On their arrival in Nelson they sold their horses to the Defence Department, who needed horses. Bill’s horse was a very fine one called “Corners All” When the war was over, a well known local soldier called Warwick Thomson, when embarking to come home, saw “Corners All” in Palestine being ridden by an officer. He was able to tell Bill his horse had come through the war in good order and condition and was in the high position of being ridden by an officer.
Fred was wounded in the war by shrapnel through his upper arm.He was also gassed. It was while he was in hospital in Hornchurch that he met my mother Constance Annie Barber.They married in Hornchurch and sailed for New Zealand .They arrived in early January 1918.
Mum’s arrival in New Zealand must have been a real cultural shock as she had to travel by horse and buggy eighty miles to Murchison to meet her in-laws and then another forty miles to her new home in the Maruia. This home was a two roomed bach with no conveniences. Meals were cooked over an open fire in camp ovens, water heated in kettles and kerosene tins, no bathroom, and the water supply being bucketed from a stream. She had to learn to bake bread and this is where Aunt Alice came into her own helping Mum to cope with these chores.
With a couple of rooms built on later, a wood stove was purchased but Mum still preferred to do most of her cooking over the open fire. She was never a fancy cook so all food was very basic and to our father’s disgust bread was wholemeal and we used brown sugar more than white.
Food was bought in bulk. Dad built a big bin and I can remember fifty pound bags of flour and sugar being kept there to keep the mice out. A lot of our groceries were bought from the Self Help store in Nelson. Once a month even after Uncle Bill built the store because the store was not large enough to carry a large amount of goods. The only newspaper we had was the Auckland Weekly News. It was devoured by everyone. A murder was big news and dealt with in great detail.
Our home was very basic. If we were lucky enough to have some linoleum on the floor it was because my mother had some shares in the Farmer Trading Company in Auckland and was able to afford such a luxury. Our kitchen furniture was all made by Dad.
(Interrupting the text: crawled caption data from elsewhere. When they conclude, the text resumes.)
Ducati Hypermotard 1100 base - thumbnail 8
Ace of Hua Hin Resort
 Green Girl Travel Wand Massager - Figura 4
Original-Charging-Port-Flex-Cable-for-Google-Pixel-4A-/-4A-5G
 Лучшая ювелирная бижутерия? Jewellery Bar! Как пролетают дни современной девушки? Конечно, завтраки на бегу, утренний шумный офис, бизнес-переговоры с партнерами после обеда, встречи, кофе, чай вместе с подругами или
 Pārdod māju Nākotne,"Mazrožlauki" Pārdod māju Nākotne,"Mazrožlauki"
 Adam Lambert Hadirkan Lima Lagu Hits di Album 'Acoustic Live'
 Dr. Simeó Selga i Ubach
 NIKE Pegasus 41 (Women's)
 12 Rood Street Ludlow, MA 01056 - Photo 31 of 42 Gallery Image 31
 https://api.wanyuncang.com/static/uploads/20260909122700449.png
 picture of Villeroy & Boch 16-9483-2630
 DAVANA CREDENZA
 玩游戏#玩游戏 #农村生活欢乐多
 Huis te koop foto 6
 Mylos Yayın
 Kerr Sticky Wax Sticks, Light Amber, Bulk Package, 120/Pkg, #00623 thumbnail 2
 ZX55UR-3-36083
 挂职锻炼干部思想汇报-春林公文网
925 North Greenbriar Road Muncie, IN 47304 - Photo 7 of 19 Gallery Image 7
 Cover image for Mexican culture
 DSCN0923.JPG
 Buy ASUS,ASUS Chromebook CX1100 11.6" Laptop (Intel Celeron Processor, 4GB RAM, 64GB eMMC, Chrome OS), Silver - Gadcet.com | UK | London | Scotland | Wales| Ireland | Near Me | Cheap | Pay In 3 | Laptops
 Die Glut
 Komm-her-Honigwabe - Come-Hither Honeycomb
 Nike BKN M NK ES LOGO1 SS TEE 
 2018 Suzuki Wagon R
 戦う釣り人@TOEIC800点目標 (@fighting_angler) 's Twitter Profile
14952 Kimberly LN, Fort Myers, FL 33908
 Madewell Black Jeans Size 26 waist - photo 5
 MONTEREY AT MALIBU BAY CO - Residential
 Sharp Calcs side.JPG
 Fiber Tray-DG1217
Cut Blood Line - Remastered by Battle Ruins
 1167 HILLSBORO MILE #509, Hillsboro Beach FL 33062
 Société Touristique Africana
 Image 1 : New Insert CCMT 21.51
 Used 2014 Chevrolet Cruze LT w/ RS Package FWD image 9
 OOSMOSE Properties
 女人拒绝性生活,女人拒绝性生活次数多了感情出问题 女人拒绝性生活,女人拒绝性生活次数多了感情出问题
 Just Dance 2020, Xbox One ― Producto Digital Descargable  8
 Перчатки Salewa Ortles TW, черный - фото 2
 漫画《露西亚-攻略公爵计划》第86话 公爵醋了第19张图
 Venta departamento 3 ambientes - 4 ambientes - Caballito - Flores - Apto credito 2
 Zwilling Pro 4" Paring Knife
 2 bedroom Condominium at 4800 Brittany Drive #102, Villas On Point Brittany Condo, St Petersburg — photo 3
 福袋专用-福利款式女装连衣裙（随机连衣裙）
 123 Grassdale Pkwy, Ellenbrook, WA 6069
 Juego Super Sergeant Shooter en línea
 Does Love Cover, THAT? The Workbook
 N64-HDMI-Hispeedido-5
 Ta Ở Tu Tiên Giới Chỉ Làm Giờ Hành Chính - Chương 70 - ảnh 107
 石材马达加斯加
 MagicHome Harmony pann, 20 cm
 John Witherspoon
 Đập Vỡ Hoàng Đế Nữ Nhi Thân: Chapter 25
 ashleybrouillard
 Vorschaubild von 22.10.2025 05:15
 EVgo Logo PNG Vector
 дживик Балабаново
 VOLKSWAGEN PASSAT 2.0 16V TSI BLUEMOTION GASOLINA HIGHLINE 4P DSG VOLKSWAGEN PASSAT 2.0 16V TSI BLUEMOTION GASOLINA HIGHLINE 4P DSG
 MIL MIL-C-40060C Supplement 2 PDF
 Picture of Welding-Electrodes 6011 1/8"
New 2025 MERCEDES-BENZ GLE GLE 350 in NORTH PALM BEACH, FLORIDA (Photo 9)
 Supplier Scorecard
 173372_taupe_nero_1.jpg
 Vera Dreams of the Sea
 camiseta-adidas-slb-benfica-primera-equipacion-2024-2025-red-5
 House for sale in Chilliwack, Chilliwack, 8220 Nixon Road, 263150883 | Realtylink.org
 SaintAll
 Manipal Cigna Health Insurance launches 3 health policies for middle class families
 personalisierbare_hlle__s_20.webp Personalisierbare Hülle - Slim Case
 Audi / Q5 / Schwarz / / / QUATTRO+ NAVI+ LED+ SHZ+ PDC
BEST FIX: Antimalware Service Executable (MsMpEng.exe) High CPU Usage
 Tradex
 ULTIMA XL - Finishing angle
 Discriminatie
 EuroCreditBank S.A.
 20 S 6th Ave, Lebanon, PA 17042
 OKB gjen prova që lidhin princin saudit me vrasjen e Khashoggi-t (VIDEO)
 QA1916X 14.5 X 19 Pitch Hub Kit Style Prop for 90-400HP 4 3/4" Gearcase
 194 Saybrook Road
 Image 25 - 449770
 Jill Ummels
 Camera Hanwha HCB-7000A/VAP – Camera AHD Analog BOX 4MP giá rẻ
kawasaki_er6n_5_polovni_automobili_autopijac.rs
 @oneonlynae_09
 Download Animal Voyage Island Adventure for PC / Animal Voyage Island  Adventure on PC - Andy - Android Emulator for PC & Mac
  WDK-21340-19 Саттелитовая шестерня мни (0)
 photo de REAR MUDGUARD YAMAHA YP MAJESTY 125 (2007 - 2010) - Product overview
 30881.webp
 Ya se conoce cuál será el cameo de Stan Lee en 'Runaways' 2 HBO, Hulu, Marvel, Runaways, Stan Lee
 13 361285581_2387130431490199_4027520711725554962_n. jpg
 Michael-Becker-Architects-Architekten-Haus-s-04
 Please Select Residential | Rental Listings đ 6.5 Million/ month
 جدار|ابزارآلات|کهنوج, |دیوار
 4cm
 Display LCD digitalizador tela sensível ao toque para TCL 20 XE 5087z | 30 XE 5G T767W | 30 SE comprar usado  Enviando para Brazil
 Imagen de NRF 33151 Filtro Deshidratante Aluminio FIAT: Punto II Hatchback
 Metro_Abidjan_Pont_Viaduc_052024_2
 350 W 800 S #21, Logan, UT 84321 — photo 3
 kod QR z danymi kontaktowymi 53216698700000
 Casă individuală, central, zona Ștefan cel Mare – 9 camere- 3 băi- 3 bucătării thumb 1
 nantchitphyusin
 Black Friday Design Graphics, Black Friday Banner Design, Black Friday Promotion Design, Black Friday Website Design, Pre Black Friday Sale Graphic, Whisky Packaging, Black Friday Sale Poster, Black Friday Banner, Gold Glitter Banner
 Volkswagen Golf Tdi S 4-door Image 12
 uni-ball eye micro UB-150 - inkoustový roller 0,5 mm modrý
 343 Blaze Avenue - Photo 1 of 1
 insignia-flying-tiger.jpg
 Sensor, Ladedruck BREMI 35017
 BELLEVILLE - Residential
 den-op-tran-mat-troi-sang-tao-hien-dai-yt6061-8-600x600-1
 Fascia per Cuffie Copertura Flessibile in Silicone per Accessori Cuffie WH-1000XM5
We had a long bench seat on each side of the table and Dad and Mum had a chair at each end. We had two sea-grass chairs of sorts, a sofa and deck chairs. Sacks were made into mats or we had a runner of coconut matting. Beds were wirewove with kapok mattresses. Calf and deer skins were cured for mats too.
Mum had brought her grandfather clock and some Wedgewood out from England following her’s and Dad’s trip back in 1924 to see her parents. It must have been about this time that the house was three bedrooms and we had a nice mantlepiece over the fireplace where Mum kept her precious pieces. We didn’t dare touch them. A big picture of the "Charlotte Padbury" hung on the wall. She had a piano which she had bought from Dr Warner in Murchison.
There was no bathroom and the wash-house was an outside room.It contained copper and tubs. Water had to be heated and clothes put into the copper and then rung out in the hand-ringer. Wash day was an all day affair. Most homes had a clothes line strung up in their kitchen/dining area and a wire rack over the top of the stove. Drying clothes in the winter was quite a business. Ironing was done with irons heated on the stove.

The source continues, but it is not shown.